Reb Meir Simcha writes that although we learned that if an animal damages in a public domain through shein or regel, he is liable to pay for what he benefitted, this is not a compensatory payment for the damages, for the Torah teaches us that one is exempt from paying for shein or regel in a public domain. He is paying, not because he is a damages; but rather because he is regarded as a debtor to the owner of the field.
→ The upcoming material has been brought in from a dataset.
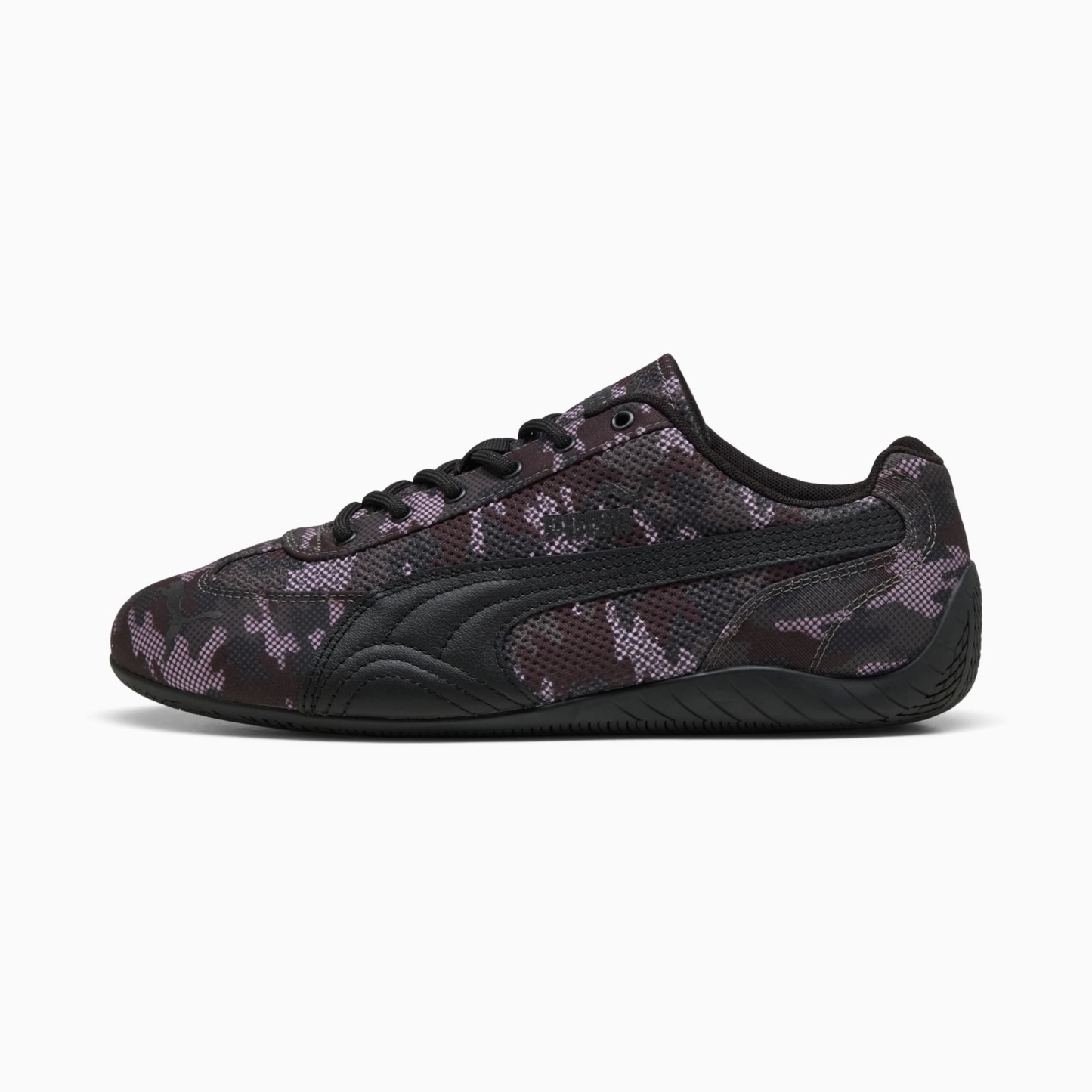 Speedcat Printed Sneakers - Pink Shimmer-PUMA Black - 1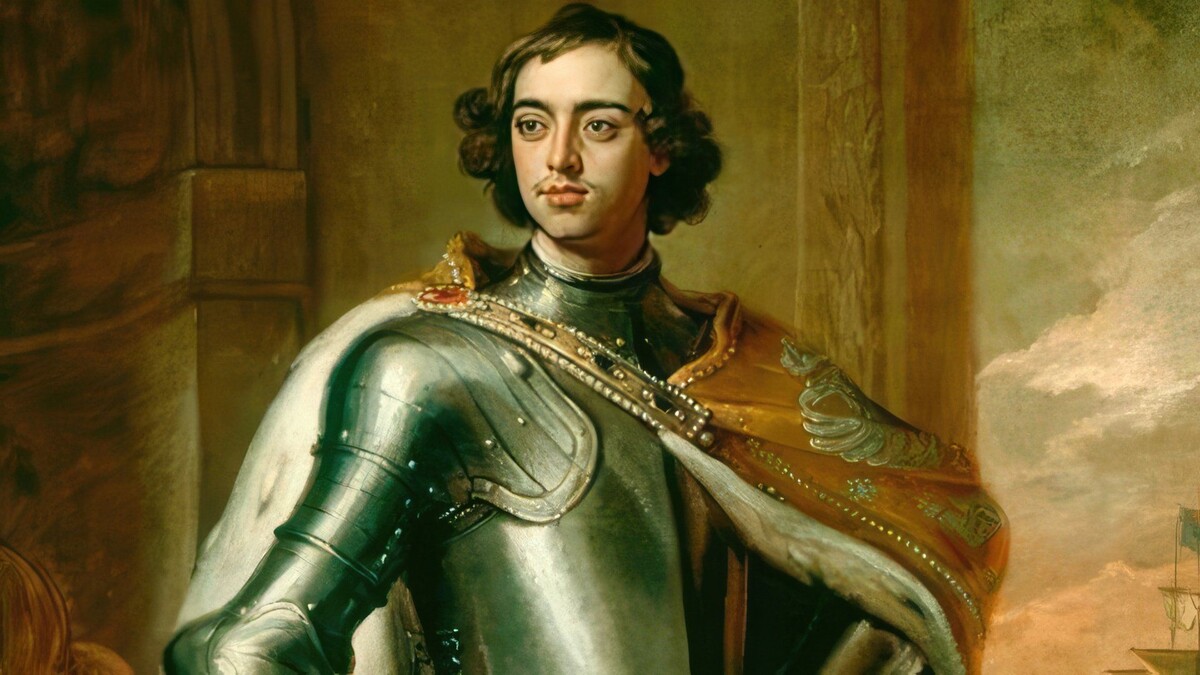 Пётр I Алексеевич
Accordingly, he would not pay according to the anticipated value of the produce at the time of the harvest either, for that is a halachah which applies only by a damager.
Deducting the Food
Rabbi Yosi said: If one caused a woman to miscarry, deduct the fees of the midwife (that the husband would have paid in order for someone to help his wife with the delivery). [The defendant saved the husband money which he potentially would have paid.] Ben Azzai says: Deduct (the extra) food (which the husband would have been required to provide for her during the pregnancy).
The Gemora notes: The one who says to deduct the fees for the midwife would certainly deduct food, but the one who says to deduct the food would not necessarily hold to deduct the fees for the midwife, as the husband might say, “My wife is proficient at giving birth and does not need a midwife.”
The Rashba quotes Rabbeinu Tam that the food we are discussing is the food that the woman would eat after the birth of her child, for then she requires special sweet food.
Another explanation is that we are referring to the sustenance of the child, which the father would have been required to provide.
Accordingly, the Raavad explains that we would deduct the cost of the child’s food for six years, for it is until that age that the father has an obligation to provide for his child.
The Rashba asks that if so, it would emerge that the cost of the food (for six years) would be more than the worth of the child, and what would the attacker pay?
The Gemora relates an incident: Eliezer the young one once put on a pair of black shoes (which was the common practice among mourners) and stood in the market place of Nehardea. When the officers of the house of the Exilarch found him there, they asked him, “Why are you wearing black shoes?” He said to them, “It is because I am mourning on the destruction of Yerushalayim.” They asked him, “Are you such an important person (like a Torah scholar) that you would mourn over Yerushalayim?” Considering this to be haughtiness on his part, they took him and placed him in prison.
Tosfos comments that it would appear from this story that it was not the norm to wear black shoes.
It is also apparent like this from a Gemora in Taanis (22a), where Rav Broka asked a Jewish prison warden: Why don’t you have tzitzis on your garment and why do you wear black shoes, unlike other Jews?” The man answered, “I mix with non-Jews and want to conceal my Jewish identity from them. In this way when I hear that the government is plotting against the Jews, I run to tell the rabbis that they may pray and nullify the decree.”
Tosfos challenges this from a Gemora in Beitzah (15a) that indicates the opposite. The Mishna rules that it is forbidden to send a white shoe to someone during the Intermediate Days of Yom Tov because we are concerned that an effort will be made to blacken them in a manner that is forbidden. Evidently, it was common practice to wear black shoes!?
Rabbeinu Tam answers that Jews did wear black shoes, but the shoelaces were white. Eliezer the young one added black laces to his black shoes as an expression of mourning and the prison warden did the same in order not to be recognized as a Jew.
Tosfos concludes that this is the reason why the Gemora in Sanhedrin (74b) rules that during a time when the idolaters are trying to force the Jewish people to assimilate and convert to their religion, it is even forbidden to wear shoelaces like those of non-Jews, and it is obligatory for a Jew to die rather than comply with their oppressors instructions to the contrary. This is further proof that the Jewish people’s shoelaces were of a color different than that of their non-Jewish neighbors.